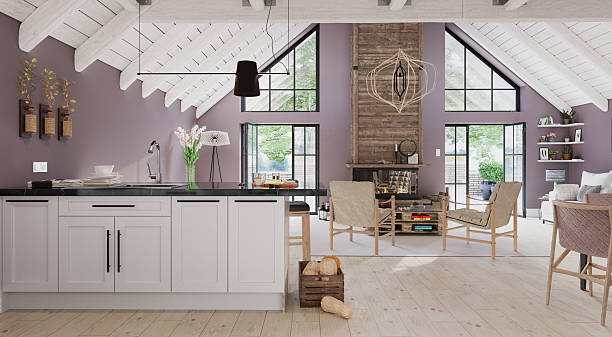 istock Modern open-plan interior with kitchen and living room. Rustic farmhouse design with a vaulted ceiling and fireplace. Scandinavian style home decor concept 2240710757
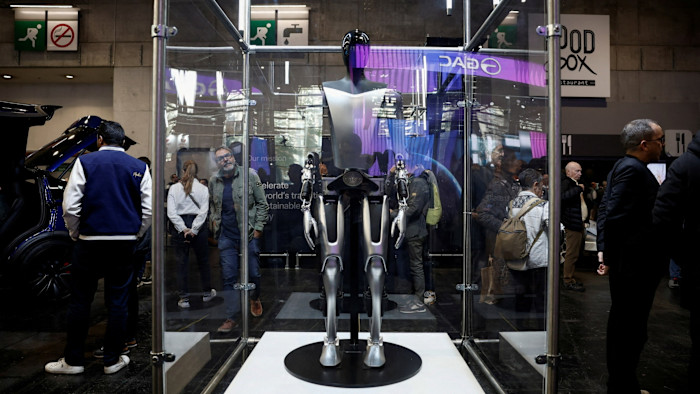 The Tesla Optimus robot is displayed inside a glass case at the 2024 Paris Auto Show, with people observing around it.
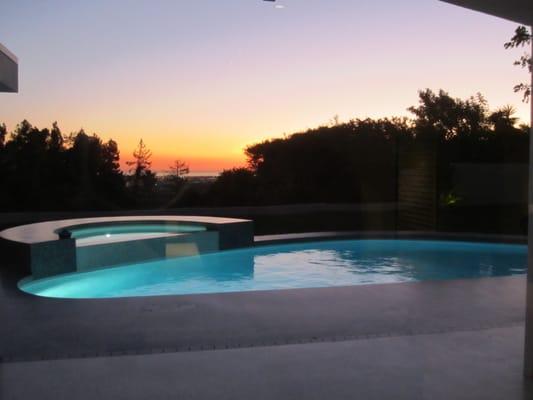 Mid century modern pool with terrazzo decks overlooking Beverly Hills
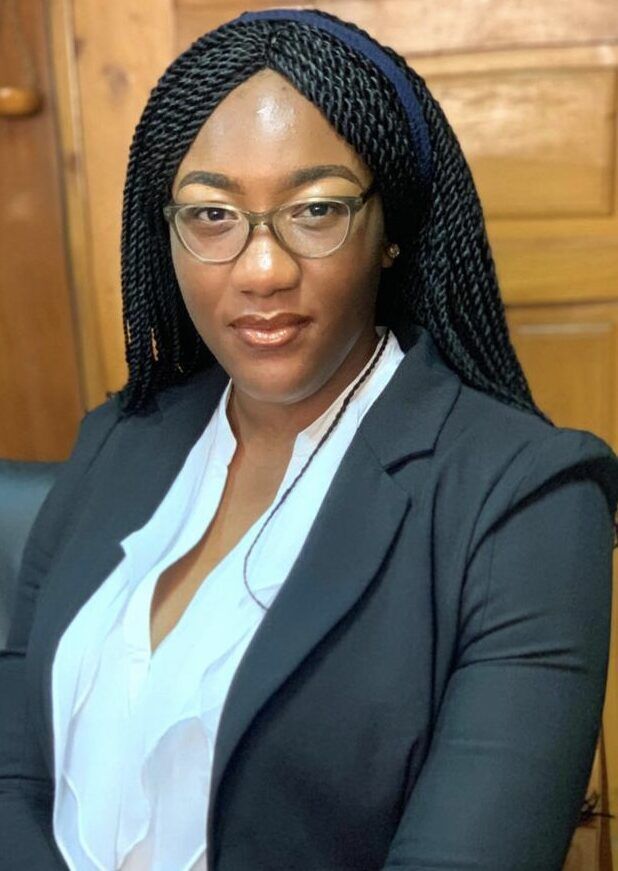 A woman wearing glasses and a black jacket is sitting in a chair.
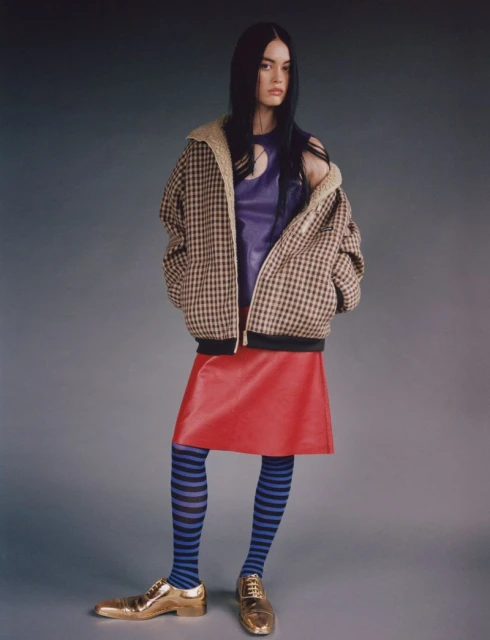 A full-length shot of a woman in a purple top, red skirt, and patterned tights poses against a gray background in a studio setting.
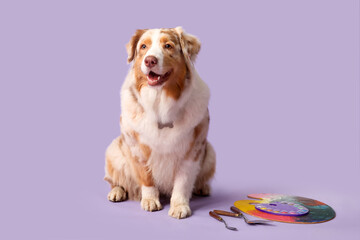 Cute dog with artist's supplies on lilac background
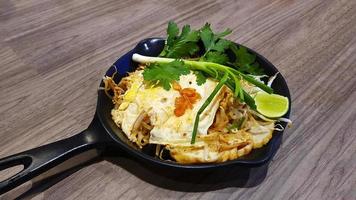 nouilles frites à la thaïlandaise avec crevettes et légumes dans une poêle chaude sur fond bois ou table au restaurant. les asiatiques appellent cette nourriture pad thai et célèbre en thaïlande. repas délicieux photo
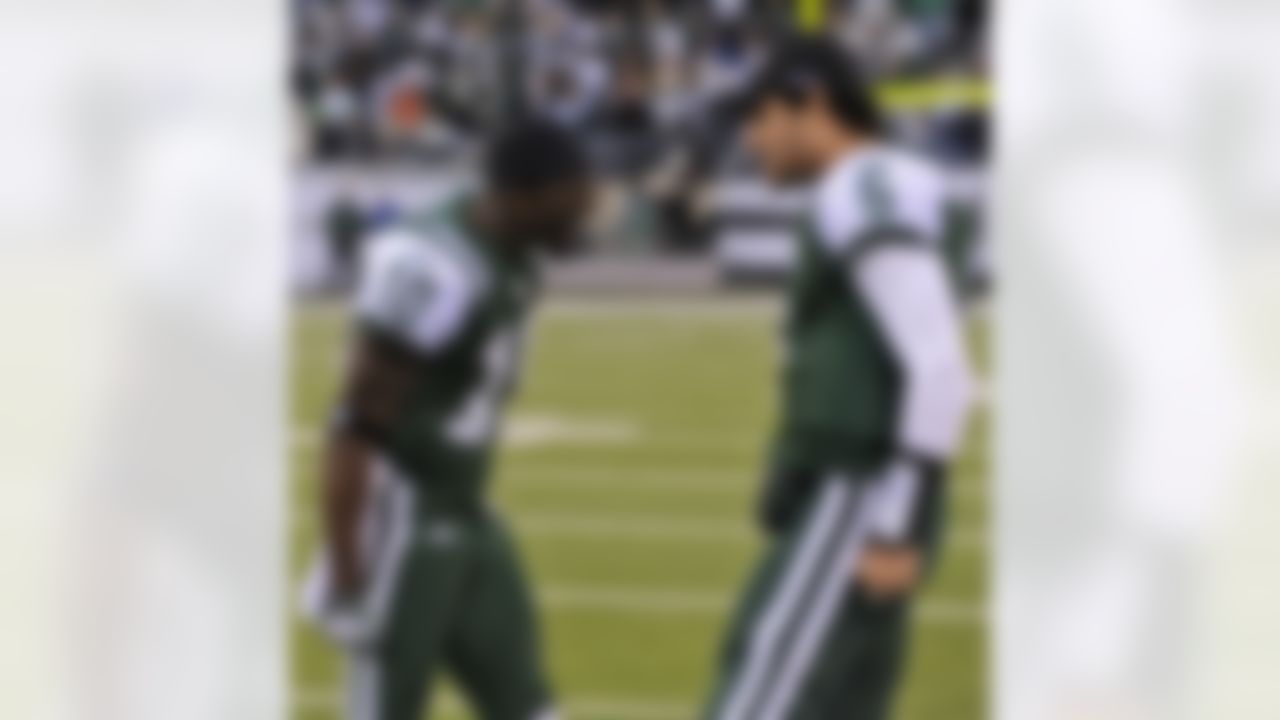 New York Jets quarterback Mark Sanchez (6) and teammate Santonio Holmes (10) celebrate after they connected for the game-winning touchdown during the fourth quarter of an NFL football game against the Houston Texans at New Meadowlands Stadium, Sunday, Nov. 21, 2010, in East Rutherford, N.J. The Jets won 30-27. (AP Photo/Bill Kostroun)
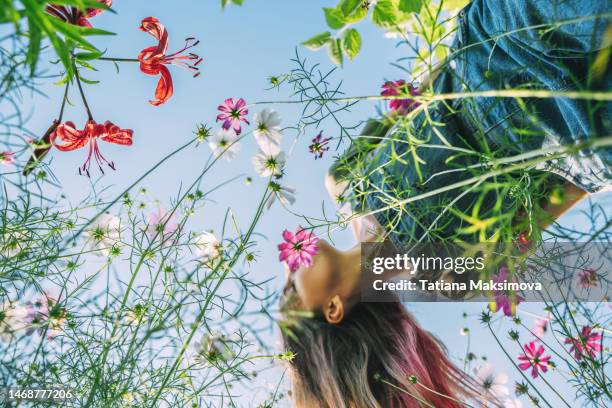 defocused woman with long hair in flowers view from below. - 花　青 ストックフォトと画像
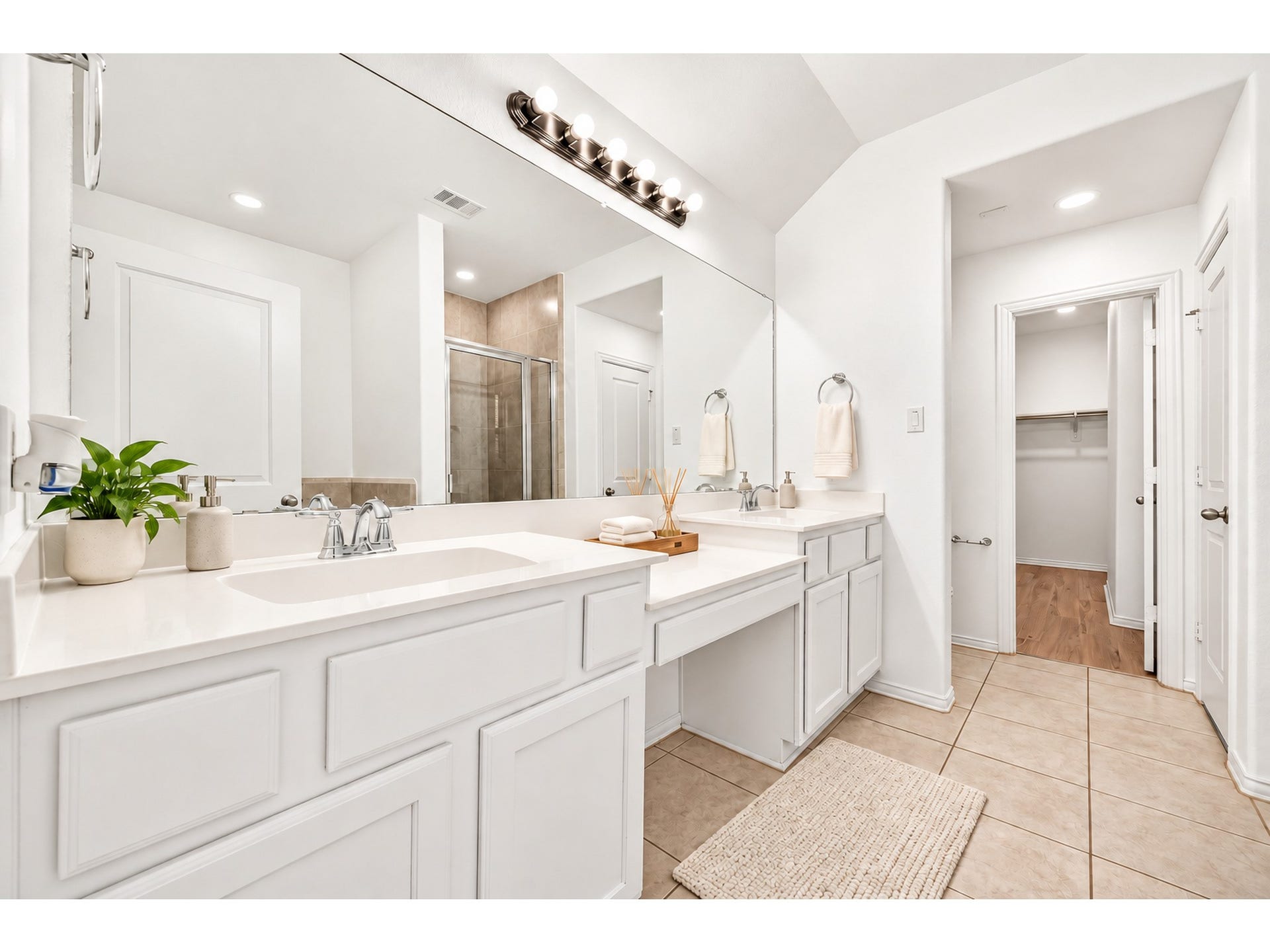 19711 Lakeside Pointe, Richmond, TX 77407 Bright and inviting, this bathroom features an expansive vanity, generous mirror space, and a glass-enclosed shower for a fresh, relaxing feel. Decorative accessories are virtually added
· · ·
BRIEF:
Copy out exactly the material that runs from the line with "The Tesla Optimus" to the line with "A woman wearing", ends included, and leave the pictures behind.

SOLVED EXERCISE:
 The Tesla Optimus robot is displayed inside a glass case at the 2024 Paris Auto Show, with people observing around it.
 Mid century modern pool with terrazzo decks overlooking Beverly Hills
 A woman wearing glasses and a black jacket is sitting in a chair.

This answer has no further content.